Evidence continues to accrue that many of these “investments,” which are ultimately of course taxpayer funded, are risky ventures indeed.

Even as the much-vaunted electric vehicle (EV) transition slams into stiff headwinds, the Trudeau government and Ontario’s Ford government will pour another $5 billion in subsidies into Honda, which plans to build an EV battery plant and manufacture EVs in Ontario.

This comes on top of a long list of other such “investments” including $15 billion for Stellantis and LG Energy Solution, $13 billion for Volkswagen (with a real cost to Ottawa of $16.3 billion, per the Parliamentary Budget Officer), a combined $4.24 billion (federal/Quebec split) to Northvolt, a Swedish battery maker, and a combined $644 million (federal/Quebec split) to Ford Motor Company to build a cathode manufacturing plant in Quebec.

All this government subsidizing is of course meant to help remake the automobile, with the Trudeau government mandating that 100 per cent of new passenger vehicles and light trucks sold in Canada be zero-emission by 2035. But evidence continues to accrue that many of these “investments,” which are ultimately of course taxpayer funded, are risky ventures indeed.

As the Wall Street Journal notes, Tesla, the biggest EV maker in the United States, has seen its share prices plummet (down 41 per cent this year) as the company struggles to sell its vehicles at the pace of previous years when first-adopters jumped into the EV market. Some would-be EV makers or users are postponing their own EV investments. Ford has killed it’s electric F-150 pickup truck, Hertz is dumping one-third of its fleet of EV rental vehicles, and Swedish EV company Polestar dropped 15 per cent of its global work force while Tesla is cutting 10 per cent of its global staff.

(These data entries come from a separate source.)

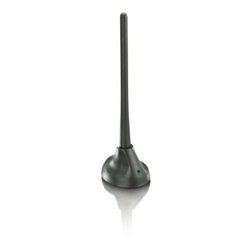 Antena de Televisi�n Digital Philips SDV5100/12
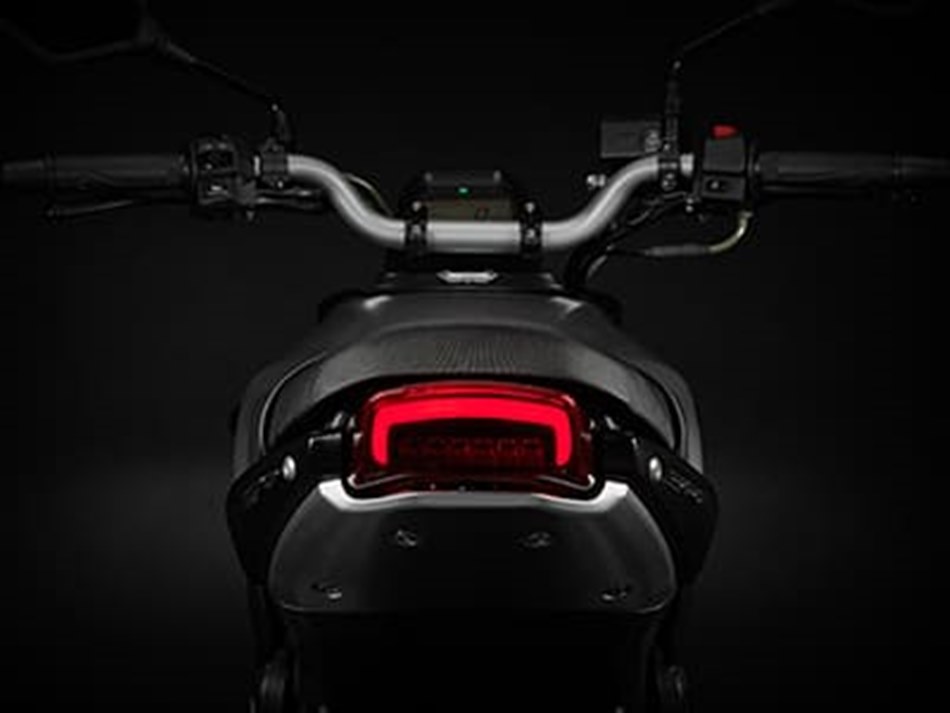 GPX MAD 300 MAX 2022
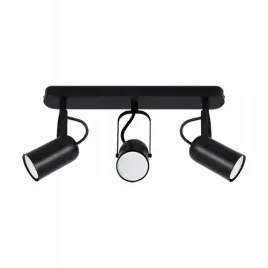 oprawa-scienno-sufitowa-lofta-gu10-3l-black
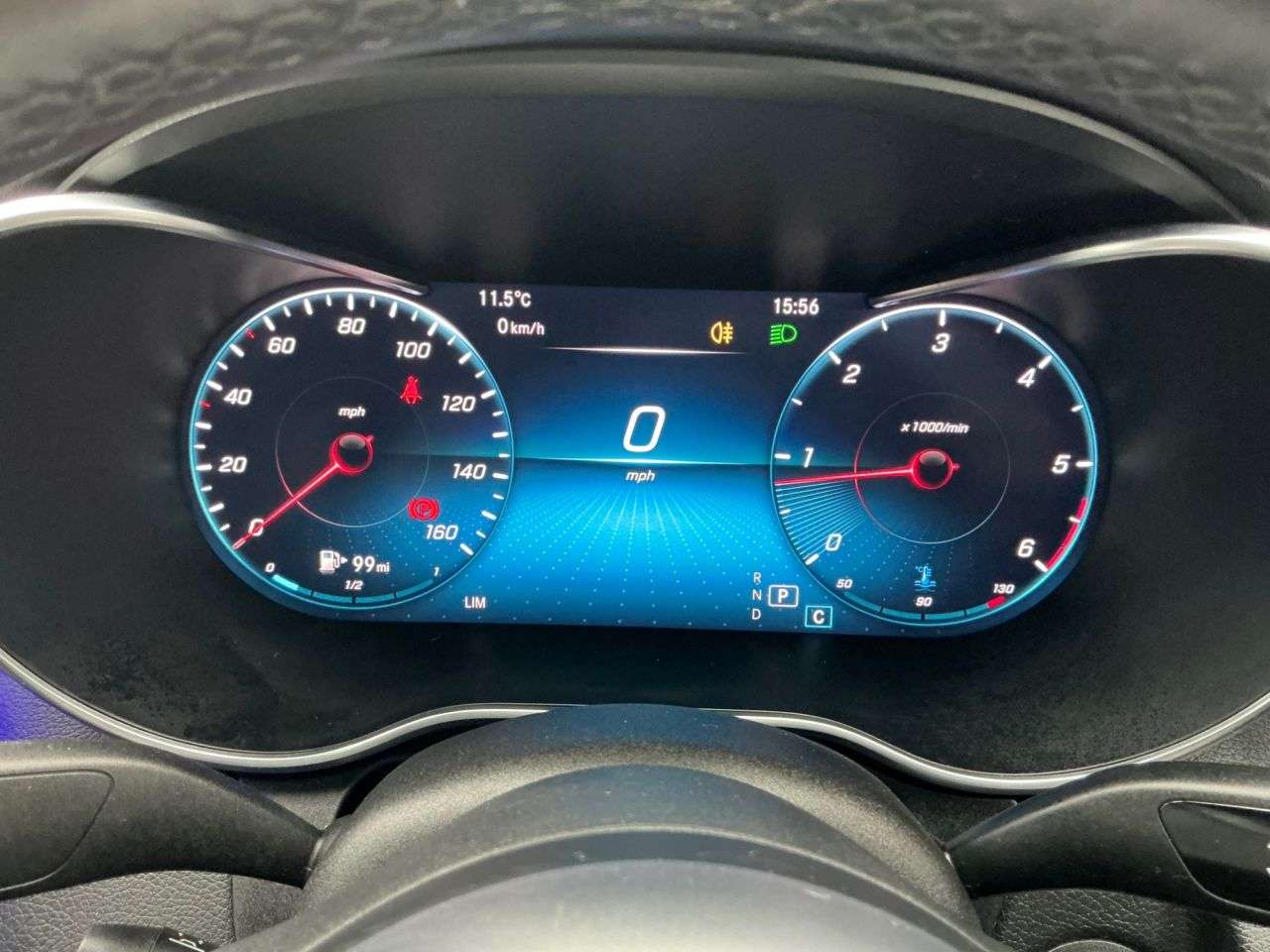 2020 MERCEDES-BENZ C-CLASS 2020 MERCEDES-BENZ C-CLASS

And in the U.S., a much larger potential market for EVs, a recent Gallup poll shows a market turning frosty. The percentage of Americans polled by Gallup who said they’re seriously considering buying an EV has been declining from 12 per cent in 2023 to 9 per cent in 2024. Even more troubling for would-be EV sellers is that only 35 per cent of poll respondents in 2024 said they “might consider” buying an EV in the future. That number is down from 43 per cent in 2023.

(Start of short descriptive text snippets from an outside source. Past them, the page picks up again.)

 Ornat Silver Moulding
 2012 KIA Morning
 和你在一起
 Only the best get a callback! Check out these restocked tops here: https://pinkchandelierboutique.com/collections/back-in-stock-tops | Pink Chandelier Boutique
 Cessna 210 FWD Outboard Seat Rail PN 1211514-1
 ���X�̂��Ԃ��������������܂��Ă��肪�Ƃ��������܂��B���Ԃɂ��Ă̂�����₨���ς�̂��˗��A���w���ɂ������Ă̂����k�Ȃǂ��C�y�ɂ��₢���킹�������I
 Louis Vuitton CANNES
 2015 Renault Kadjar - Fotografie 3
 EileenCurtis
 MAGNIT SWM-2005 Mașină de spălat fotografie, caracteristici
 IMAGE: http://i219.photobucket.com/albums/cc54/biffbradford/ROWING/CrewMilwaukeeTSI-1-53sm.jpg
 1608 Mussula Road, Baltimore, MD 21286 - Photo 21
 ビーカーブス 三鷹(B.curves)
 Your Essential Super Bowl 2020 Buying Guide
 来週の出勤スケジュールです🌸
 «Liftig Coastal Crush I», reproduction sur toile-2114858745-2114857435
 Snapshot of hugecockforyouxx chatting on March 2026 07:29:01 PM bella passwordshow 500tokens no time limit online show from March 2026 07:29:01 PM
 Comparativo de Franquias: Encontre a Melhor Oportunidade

Overall, according to Gallup, “less than half of adults, 44 per cent, now say they are either seriously considering or might consider buying an EV in the future, down from 55 per cent in 2023, while the proportion not intending to buy one has increased from 41 per cent to 48 per cent.” In other words, in a future where government wants sellers to only sell EVs, almost half the U.S. public doesn’t want to buy one.

And yet, Canada’s governments are hitting the gas pedal on EVs, putting the hard-earned capital of Canadian taxpayers at significant risk. A smart government would have its finger in the wind and would slow down when faced with road bumps. It might even reset its GPS and change the course of its 2035 EV mandate for vehicles few motorists want to buy.